[DATA]

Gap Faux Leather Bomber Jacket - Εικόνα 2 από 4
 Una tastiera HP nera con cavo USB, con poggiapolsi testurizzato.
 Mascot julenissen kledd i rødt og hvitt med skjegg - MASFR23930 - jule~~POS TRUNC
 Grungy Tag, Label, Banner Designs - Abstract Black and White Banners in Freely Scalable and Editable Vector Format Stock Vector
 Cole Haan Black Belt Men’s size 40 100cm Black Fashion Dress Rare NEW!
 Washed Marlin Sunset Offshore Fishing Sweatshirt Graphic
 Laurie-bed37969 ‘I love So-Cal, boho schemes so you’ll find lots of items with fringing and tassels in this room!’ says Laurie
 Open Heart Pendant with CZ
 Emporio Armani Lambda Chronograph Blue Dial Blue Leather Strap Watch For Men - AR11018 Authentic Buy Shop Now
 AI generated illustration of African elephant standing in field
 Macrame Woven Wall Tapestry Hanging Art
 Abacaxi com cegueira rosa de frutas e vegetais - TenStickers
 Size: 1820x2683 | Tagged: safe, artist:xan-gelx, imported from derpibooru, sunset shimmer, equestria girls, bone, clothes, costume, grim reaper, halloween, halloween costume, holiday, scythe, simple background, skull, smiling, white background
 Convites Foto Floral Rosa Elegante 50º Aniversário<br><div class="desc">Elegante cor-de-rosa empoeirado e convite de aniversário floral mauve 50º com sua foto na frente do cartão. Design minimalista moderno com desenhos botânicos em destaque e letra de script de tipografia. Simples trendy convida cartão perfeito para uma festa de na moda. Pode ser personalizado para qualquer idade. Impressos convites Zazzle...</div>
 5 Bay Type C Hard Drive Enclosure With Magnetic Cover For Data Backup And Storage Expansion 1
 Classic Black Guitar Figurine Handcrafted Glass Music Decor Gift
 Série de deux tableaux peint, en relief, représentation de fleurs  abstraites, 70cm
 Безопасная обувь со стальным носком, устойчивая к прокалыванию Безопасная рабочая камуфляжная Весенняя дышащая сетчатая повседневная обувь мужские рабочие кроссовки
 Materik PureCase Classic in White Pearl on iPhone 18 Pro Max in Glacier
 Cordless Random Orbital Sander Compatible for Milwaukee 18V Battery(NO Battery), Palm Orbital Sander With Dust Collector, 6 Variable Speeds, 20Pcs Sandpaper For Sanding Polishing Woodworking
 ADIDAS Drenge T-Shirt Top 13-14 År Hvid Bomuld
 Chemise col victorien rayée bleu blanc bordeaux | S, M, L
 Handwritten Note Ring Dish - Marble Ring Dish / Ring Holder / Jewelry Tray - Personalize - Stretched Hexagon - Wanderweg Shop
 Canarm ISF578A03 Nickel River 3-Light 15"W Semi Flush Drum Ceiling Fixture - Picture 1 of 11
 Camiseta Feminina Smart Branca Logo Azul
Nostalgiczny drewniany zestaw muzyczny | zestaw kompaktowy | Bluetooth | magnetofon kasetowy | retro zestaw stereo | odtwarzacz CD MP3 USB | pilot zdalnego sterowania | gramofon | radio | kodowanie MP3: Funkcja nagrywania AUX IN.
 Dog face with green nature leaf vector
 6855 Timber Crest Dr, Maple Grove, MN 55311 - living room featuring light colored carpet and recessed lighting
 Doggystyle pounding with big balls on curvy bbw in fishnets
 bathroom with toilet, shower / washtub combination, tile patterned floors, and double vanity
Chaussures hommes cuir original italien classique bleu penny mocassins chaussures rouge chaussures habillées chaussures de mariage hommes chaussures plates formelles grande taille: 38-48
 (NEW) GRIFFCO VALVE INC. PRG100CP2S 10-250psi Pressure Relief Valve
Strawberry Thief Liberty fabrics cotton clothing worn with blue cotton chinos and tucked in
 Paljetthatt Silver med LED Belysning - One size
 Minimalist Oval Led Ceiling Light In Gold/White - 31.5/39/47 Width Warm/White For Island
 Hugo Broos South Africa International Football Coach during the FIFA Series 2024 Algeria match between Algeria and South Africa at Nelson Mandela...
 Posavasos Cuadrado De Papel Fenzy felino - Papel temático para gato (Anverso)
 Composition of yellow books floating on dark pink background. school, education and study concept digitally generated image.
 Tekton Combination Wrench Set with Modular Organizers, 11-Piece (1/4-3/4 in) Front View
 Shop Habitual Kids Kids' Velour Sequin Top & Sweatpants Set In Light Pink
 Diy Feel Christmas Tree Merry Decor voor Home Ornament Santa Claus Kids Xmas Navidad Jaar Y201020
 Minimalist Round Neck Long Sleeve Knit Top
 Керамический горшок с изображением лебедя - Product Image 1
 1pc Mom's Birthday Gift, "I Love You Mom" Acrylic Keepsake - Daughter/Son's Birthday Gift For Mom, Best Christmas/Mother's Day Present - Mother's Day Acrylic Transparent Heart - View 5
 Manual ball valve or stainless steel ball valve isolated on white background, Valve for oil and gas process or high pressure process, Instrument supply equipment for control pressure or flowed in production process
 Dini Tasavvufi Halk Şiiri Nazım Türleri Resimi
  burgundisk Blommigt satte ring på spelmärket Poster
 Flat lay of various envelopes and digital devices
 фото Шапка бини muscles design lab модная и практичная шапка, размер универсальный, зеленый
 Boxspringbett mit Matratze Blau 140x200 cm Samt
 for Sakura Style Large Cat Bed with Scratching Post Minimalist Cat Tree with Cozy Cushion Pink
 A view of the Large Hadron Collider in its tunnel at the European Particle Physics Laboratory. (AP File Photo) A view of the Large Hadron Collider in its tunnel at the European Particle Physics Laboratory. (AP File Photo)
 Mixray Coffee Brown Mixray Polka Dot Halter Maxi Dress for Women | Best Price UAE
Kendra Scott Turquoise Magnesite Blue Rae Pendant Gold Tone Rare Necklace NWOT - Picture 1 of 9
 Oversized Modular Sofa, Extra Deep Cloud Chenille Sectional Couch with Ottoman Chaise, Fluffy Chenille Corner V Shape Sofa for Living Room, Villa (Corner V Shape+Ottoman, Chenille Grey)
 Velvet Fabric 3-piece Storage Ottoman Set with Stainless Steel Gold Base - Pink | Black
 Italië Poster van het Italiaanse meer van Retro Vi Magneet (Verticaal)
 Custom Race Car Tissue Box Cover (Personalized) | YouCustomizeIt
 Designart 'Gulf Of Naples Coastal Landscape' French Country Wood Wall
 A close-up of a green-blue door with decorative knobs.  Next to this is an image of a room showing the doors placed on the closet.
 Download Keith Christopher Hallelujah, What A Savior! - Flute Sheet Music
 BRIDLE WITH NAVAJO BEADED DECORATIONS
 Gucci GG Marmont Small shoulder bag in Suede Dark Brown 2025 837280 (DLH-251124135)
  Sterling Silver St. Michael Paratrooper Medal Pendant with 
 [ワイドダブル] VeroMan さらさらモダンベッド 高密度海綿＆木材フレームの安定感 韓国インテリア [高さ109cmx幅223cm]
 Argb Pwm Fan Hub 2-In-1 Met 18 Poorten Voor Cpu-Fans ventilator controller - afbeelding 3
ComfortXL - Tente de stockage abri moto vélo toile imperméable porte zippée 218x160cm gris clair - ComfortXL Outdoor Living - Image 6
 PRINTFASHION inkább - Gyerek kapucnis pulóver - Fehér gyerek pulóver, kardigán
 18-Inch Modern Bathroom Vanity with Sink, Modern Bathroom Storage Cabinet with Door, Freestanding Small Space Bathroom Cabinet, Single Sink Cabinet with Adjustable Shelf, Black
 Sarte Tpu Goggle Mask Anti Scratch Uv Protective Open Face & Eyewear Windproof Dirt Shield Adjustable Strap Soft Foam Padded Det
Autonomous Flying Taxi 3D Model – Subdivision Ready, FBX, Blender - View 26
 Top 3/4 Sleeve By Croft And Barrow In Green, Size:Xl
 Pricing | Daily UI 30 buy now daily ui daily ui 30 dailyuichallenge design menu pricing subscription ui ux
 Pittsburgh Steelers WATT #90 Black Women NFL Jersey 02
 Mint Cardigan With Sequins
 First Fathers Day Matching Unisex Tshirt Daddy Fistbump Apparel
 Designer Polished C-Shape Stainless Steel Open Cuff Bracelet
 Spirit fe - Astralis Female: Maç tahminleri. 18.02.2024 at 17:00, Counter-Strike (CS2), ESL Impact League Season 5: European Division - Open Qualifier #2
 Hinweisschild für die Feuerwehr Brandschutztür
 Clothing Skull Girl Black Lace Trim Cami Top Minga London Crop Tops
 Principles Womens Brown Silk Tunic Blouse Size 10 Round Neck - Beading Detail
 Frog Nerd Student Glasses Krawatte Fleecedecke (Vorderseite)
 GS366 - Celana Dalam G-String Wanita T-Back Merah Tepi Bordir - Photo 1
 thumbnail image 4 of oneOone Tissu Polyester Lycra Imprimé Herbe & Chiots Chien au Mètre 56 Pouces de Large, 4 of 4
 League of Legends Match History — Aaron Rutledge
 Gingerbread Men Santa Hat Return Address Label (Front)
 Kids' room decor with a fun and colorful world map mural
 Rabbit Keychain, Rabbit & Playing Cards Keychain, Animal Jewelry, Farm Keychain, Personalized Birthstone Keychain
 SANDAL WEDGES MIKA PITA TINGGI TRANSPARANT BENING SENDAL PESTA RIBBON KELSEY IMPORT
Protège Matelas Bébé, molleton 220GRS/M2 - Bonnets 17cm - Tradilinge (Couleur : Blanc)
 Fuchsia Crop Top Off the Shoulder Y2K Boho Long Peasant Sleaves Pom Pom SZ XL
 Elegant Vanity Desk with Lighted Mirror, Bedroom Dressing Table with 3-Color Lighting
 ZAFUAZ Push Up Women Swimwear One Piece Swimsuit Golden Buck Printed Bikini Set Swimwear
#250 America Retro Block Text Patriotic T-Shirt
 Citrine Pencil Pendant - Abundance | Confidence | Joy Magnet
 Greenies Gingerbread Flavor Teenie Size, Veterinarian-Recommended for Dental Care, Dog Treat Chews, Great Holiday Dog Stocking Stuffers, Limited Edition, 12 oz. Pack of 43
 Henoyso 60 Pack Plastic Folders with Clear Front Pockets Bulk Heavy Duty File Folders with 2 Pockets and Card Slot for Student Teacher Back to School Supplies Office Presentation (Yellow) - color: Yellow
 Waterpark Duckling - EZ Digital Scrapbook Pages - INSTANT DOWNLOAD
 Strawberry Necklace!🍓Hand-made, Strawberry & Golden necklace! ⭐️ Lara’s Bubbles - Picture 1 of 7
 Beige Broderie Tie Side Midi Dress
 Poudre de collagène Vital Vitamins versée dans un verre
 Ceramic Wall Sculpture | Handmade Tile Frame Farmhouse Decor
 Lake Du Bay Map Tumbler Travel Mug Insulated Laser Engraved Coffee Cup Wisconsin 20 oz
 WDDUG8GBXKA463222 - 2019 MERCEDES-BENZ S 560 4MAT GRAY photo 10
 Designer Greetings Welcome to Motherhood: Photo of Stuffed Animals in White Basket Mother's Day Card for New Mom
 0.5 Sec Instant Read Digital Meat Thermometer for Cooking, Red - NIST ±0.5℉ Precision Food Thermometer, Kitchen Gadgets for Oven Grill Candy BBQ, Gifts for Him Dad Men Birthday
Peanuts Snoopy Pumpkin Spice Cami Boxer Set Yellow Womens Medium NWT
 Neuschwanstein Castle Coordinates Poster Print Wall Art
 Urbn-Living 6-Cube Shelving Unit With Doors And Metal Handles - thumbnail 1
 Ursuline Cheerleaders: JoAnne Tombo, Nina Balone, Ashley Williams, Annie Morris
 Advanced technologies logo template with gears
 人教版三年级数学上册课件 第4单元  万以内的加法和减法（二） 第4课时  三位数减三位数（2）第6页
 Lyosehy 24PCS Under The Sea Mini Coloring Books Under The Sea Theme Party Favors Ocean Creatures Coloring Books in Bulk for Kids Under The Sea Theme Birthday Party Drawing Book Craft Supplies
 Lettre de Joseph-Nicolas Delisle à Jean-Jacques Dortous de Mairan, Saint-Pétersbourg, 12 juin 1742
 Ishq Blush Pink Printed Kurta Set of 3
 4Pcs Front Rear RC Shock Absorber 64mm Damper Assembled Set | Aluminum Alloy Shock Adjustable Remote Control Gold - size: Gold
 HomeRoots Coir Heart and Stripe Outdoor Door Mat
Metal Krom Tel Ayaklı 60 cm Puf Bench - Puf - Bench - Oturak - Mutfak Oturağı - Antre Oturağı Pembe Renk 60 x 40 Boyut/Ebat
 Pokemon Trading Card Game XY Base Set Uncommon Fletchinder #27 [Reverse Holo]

[/DATA]

TASK TO CARRY OUT -
Each line of the records above, from the first through the one containing "Washed Marlin Sunset", is to be retyped exactly; no other line belongs.

TASK OUTPUT -
Gap Faux Leather Bomber Jacket - Εικόνα 2 από 4
 Una tastiera HP nera con cavo USB, con poggiapolsi testurizzato.
 Mascot julenissen kledd i rødt og hvitt med skjegg - MASFR23930 - jule~~POS TRUNC
 Grungy Tag, Label, Banner Designs - Abstract Black and White Banners in Freely Scalable and Editable Vector Format Stock Vector
 Cole Haan Black Belt Men’s size 40 100cm Black Fashion Dress Rare NEW!
 Washed Marlin Sunset Offshore Fishing Sweatshirt Graphic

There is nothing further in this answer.